But today, I’d like to talk about those other YA books out there. Books that, in my opinion, are just as good, just as heart rending, as powerful, as emotionally satisfying, but for whatever reason, they did not hit the publicity jackpot. They are what I call quiet books. It is not that their plots or characters are quiet, but their fame is quiet. They may not get as much love, but I feel they are worthy of attention. Here are some quiet books; books that I feel deserve more renown. I hope you will read them and discover new authors and stories. Do you know of some quiet books of your own? Please leave a comment and tell us all what books you think are unsung! I’d love to add more quiet books to my ‘To Be Read’ pile.

Dead Ends by Erin Jade Lange
Dane is a high school senior, an excellent student, and one suspension away from expulsion. He has anger management issues. Dane must spend time with Billy, a high schooler with Downs Syndrome, to work off his detentions. To the surprise of both boys, they develop a real friendship based on their similarities: both are fatherless, both have tempers, and both appreciate cute girls. Lange writes realistically about teens with rough lives, and readers will believe in the friendship, will feel Billy’s pain of abandonment, and will appreciate the honesty of the not-tied-up-with-a-bow ending.

Hold Me Closer Necromancer by Lish McBride (A 2011 Morris Finalist)
Is humorous horror a genre? Because that is the best way to describe this unique and charming book. Sam’s life is not the best, but it’s not the worst. He has friends, a job, and a loving mom. He has no idea that he is a necromancer, a magician who can control the dead. A dumb prank brings him unwanted attention from a powerful necromancer who wants Sam to work with him, or be killed. Sam must learn to master powers he never knew he had, fast. McBride writes snarky, funny, sweet, and scary characters and places them in unusual magical jeopardy. She makes death and situations around it scary but also somehow silly. Knowledge of ’80s pop music is not required, but does enhance the reading experience. 

Lost Boy by Greg Ruth
Nate and his parents move to a house where he discovers tape recordings made by a previous inhabitant. They sound like imaginative stories told by a lonely boy, but Nate and his new friend Tabitha soon find out that magic is real in their town, and they are quickly in over their heads dealing with the supernatural. Ruth’s black and white pen and ink drawings are by turns delicate and bold. It is gorgeous art that brings the story to life. The fantasy setting may draw readers into this graphic novel, but the depth of the characters will keep the story in their minds long after they finish reading.

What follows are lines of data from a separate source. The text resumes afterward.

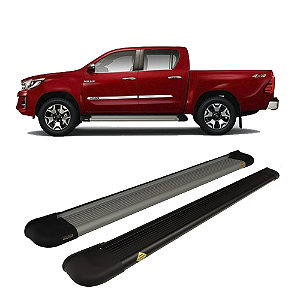 Estribo Plataforma Aluminio Hilux CD 2016 2023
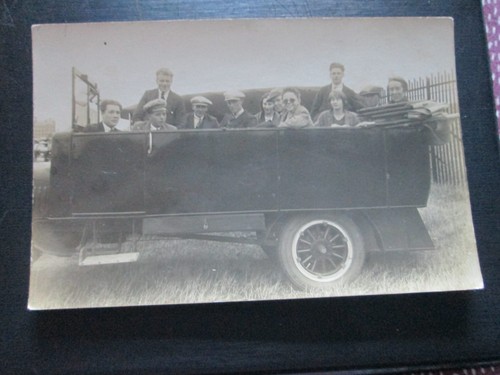 Charabanc postcard passenger - charabanc,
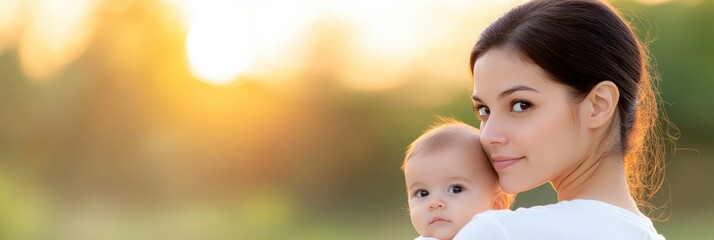 A mother clutching a young child. Ideal for topics like families, mothers, and parenthood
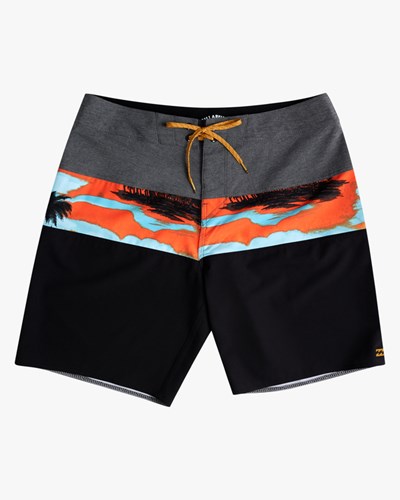 Billabong (2-7) Tribong Pro Boardshorts 13" Černé | WEYXSI-743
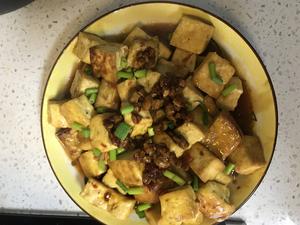 肉沫烧豆腐的做法 步骤7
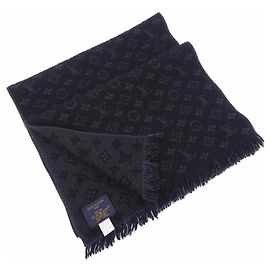 Klassischer Monogramm-Schal von Louis Vuitton Schwarz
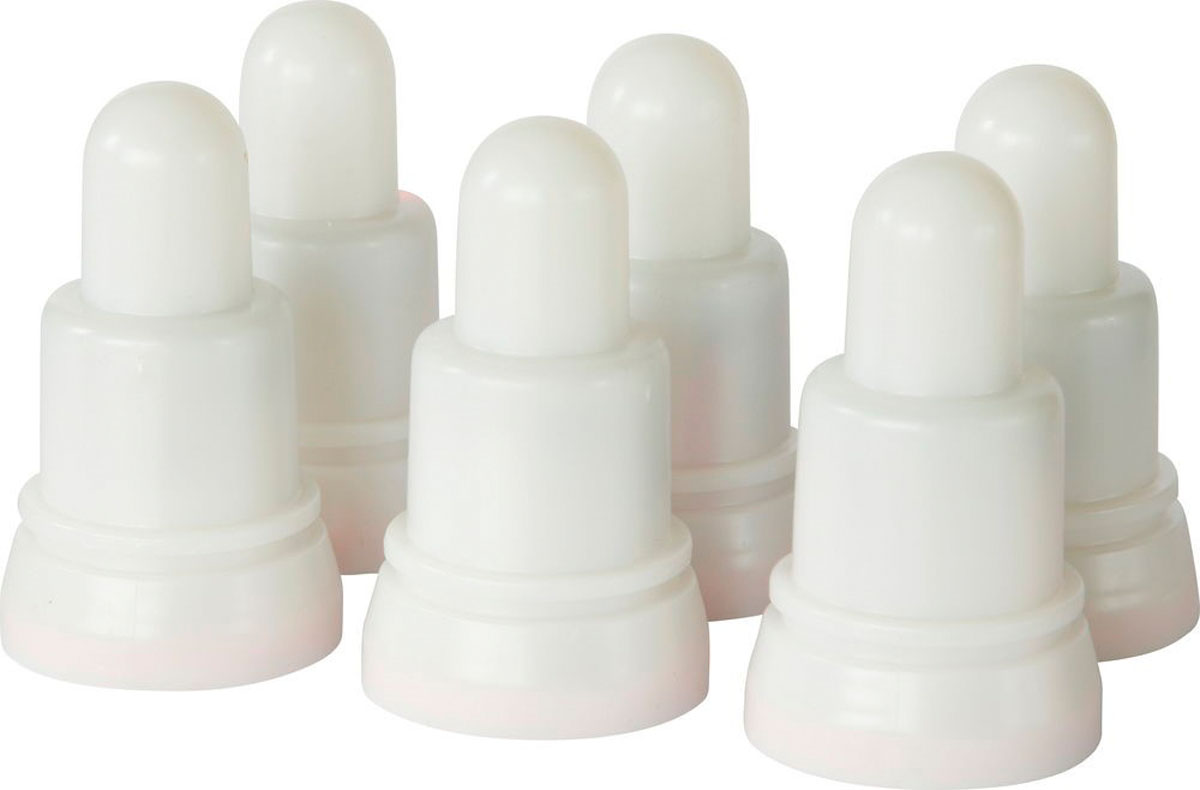 Duni LED Sets wiederaufladbar Ersatz 6er 70 x Ø 40 mm warm white & multicolour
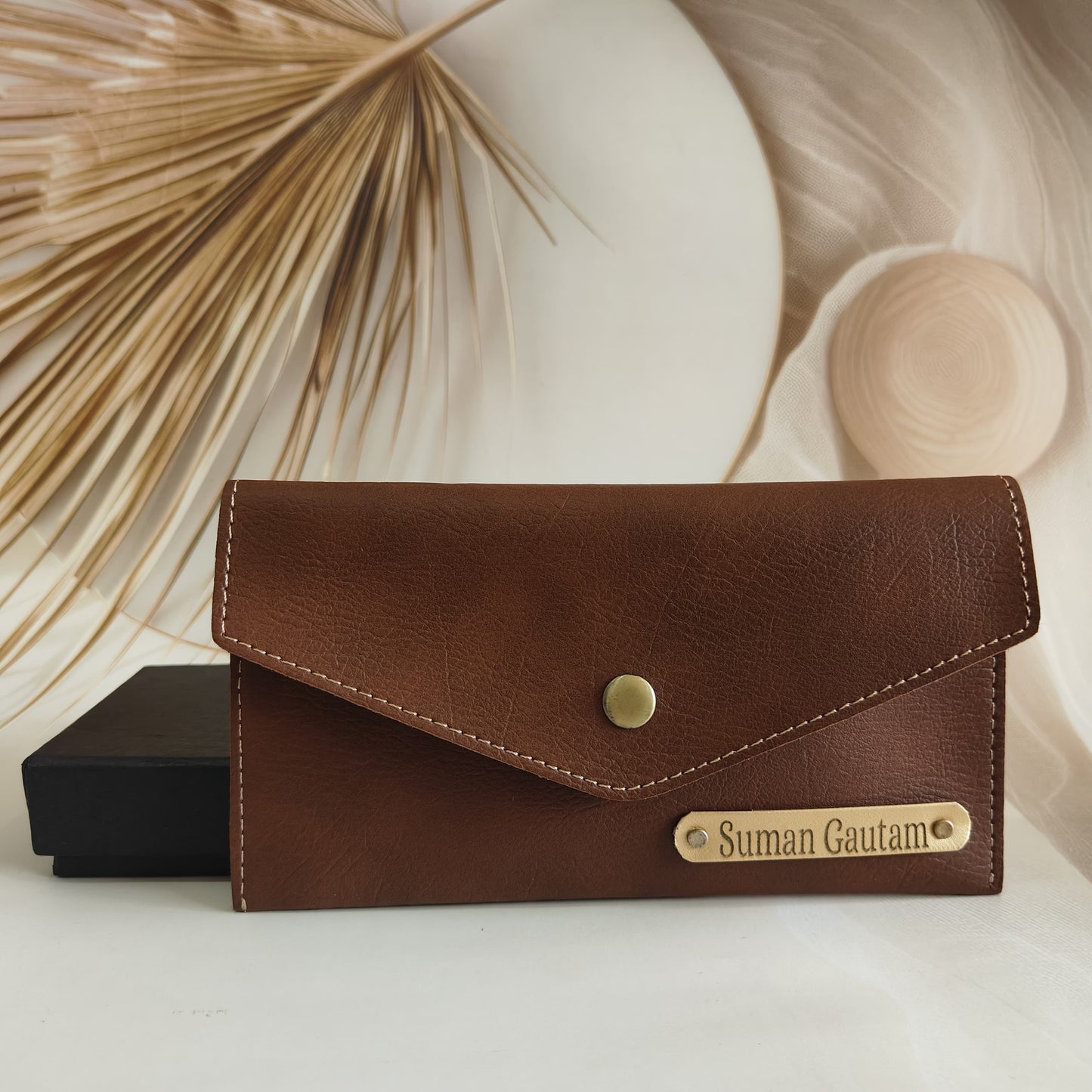 Personalized Slim Clutch (Wallet) For Women's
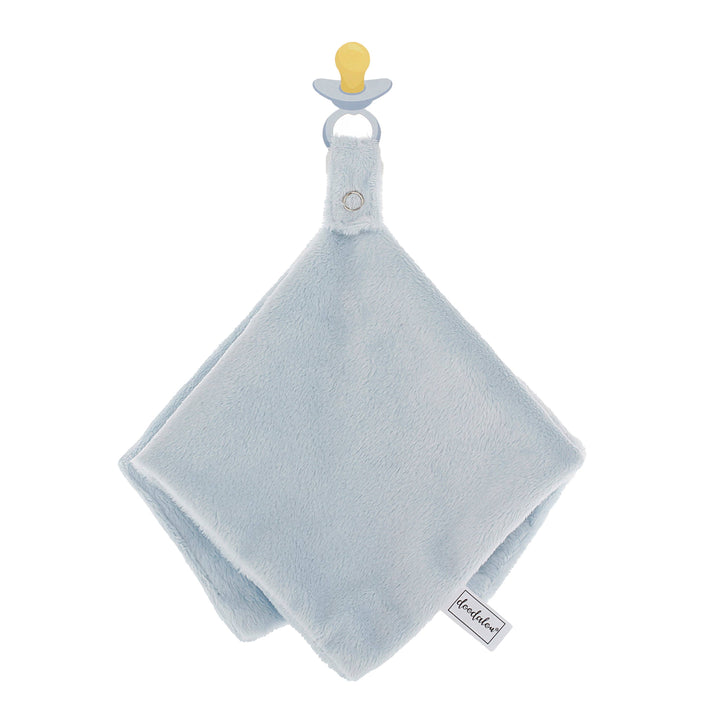 Doodalou - Super Soft Velboa Pacifier Blanket: Light Blue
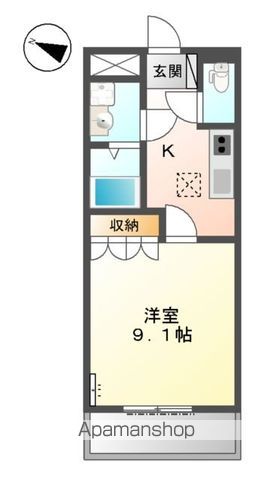 ボヌールの間取り写真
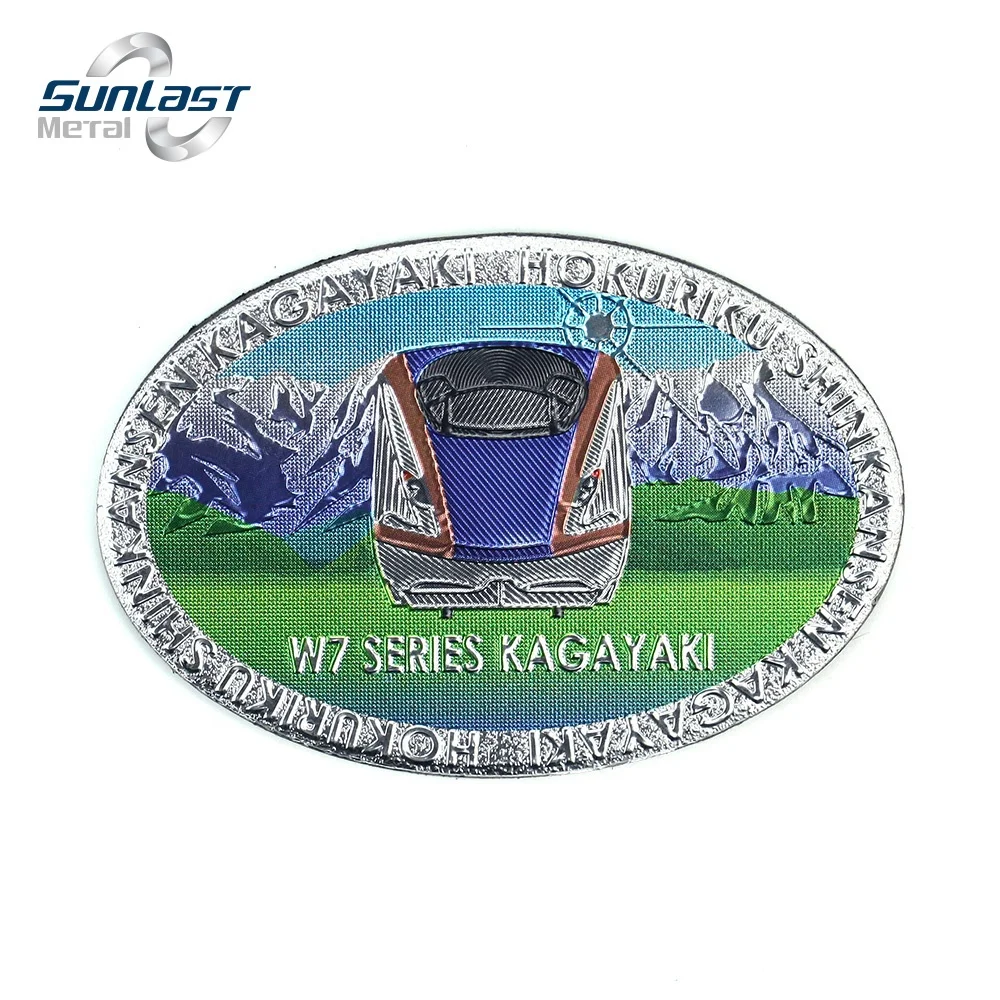 Refrigerator Foil Magnet Souvenir 3D Embossed Aluminium Foil Fridge Magnet Silver Foil Fridge Magnets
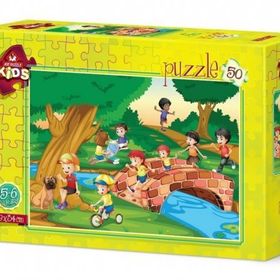Art Puzzle 50 Parça Kovalamaca Çocuk Puzzle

Out of Nowhere by Maria Padian
You may think you know where this book is going, but honestly, you don’t. Tom is a senior in a small Maine town. He’s on the soccer team, has a great girlfriend, and his future could be bright at college if he ever gets around to applying. But with life so simple, why worry about the future? Tom is barely aware when his little town becomes a migration location for Somali refugees fleeing their war-torn country until several Somali boys join his soccer team and prove to be outstanding athletes. But not everyone in town wants the refugees there, and life for these young men is as far from easy as Tom’s life is from hard. Padian shows how Tom is brought up short by learning that life is not the same for everyone. With this same skill she also makes readers think about the wider world.

The Prisoner of Snowflake Falls by John Lekich
Fifteen year old Henry’s mother has died, his guardian uncle Andy (a very nice small time crook) is in jail, and Henry is trying to stay out of the foster care system by making it on his own. Henry is a very a considerate thief: cleaning houses, putting money into piggy banks, and never taking birthday cake. When he eventually gets caught, Henry’s good-natured thoughtfulness saves him from jail. He is sentenced to a rehabilitation program in the tiny town of Snowflake Falls. There is a lot of action, plenty of playful Runyonesque language, several charming old-guy small-time crooks, and a wonderfully silly caper.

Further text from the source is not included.